The shark and the 1 tiger barb are bothering each other now lol.

I will add 2 more tigers and that will leave me w\3 total tigers.

anything else guys? 


You guys rock!


----------



## Burninator (Dec 3, 2008)

There is a test kit made by API. It will help you test your tank to find out when its really cycled.

Once it cycled, feel free to add the shark


----------



## Sj45 (Jan 5, 2009)

musclemilk said:


> wow thanks guys, So i will add in some more tiger barbs and remove the shark.
> 
> The shark and the 1 tiger barb are bothering each other now lol.
> 
> ...


no...grab 4-5 more tiger barbs and an api test kit.


----------



## musclemilk (Feb 12, 2009)

got more tiger barbs. I now have 3 total tiger barbs and 1 rainbow shark. Feeding them twice a day.

The one guy at the pet store said water change every week. And another guy said water change 1time per month.......

Anyway my water was tested over by the store and the guy said everything looks good, but PH is the slightest bit high but nothing crazy and ti will work its way out...


----------



## Burninator (Dec 3, 2008)

when you cycle with fish you need to do water changes to keep the ammonia down.

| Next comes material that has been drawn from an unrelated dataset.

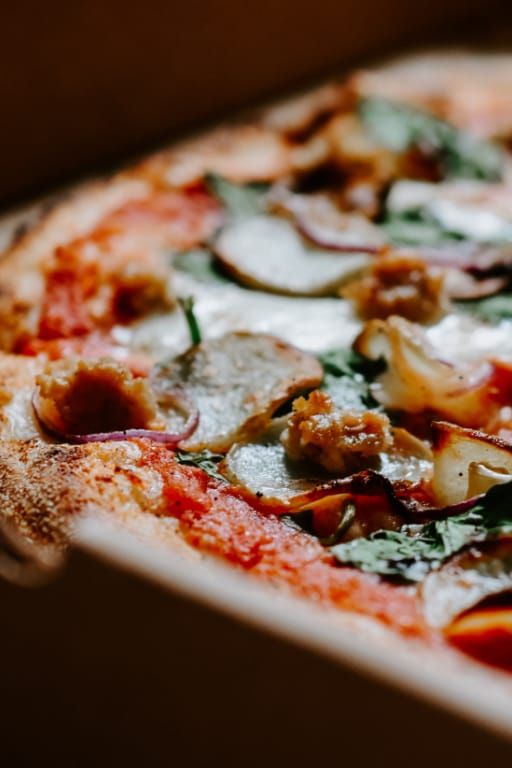 A close up of a pizza in a cardboard box.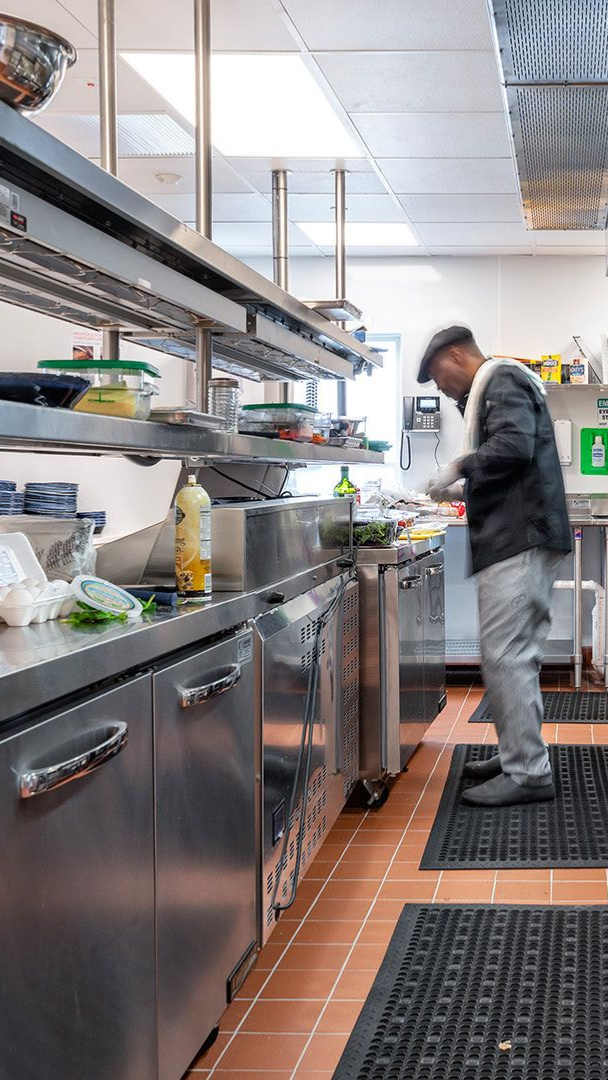 A person in a chef's uniform and cap prepares food at a stainless steel station in a commercial kitchen.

Once the tank is cycled i normally slow down a little with the water changes. I wouldnt say once a month but you can use a test kit to keep your nitrates in check then water change to lower them.


----------



## musclemilk (Feb 12, 2009)

ok will do. too bad the store i think gave me a weak tiger barb...he already lost color and is hanging around in the corner. the others r doing great


----------



## Burninator (Dec 3, 2008)

i bought 6 tiger barbs and 6 green barbs. 3 of the green died. It happens with smaller fish and cycling a tank is rough on them


----------



## musclemilk (Feb 12, 2009)

since i put the new fish in, i noticed the water is very slightly cloudy...any thoughts or suggestions?

Thanks


----------



## Burninator (Dec 3, 2008)

most likely a cycle.

Get a test kit to check


----------



## musclemilk (Feb 12, 2009)

water got tested at the store, ph is slightly high...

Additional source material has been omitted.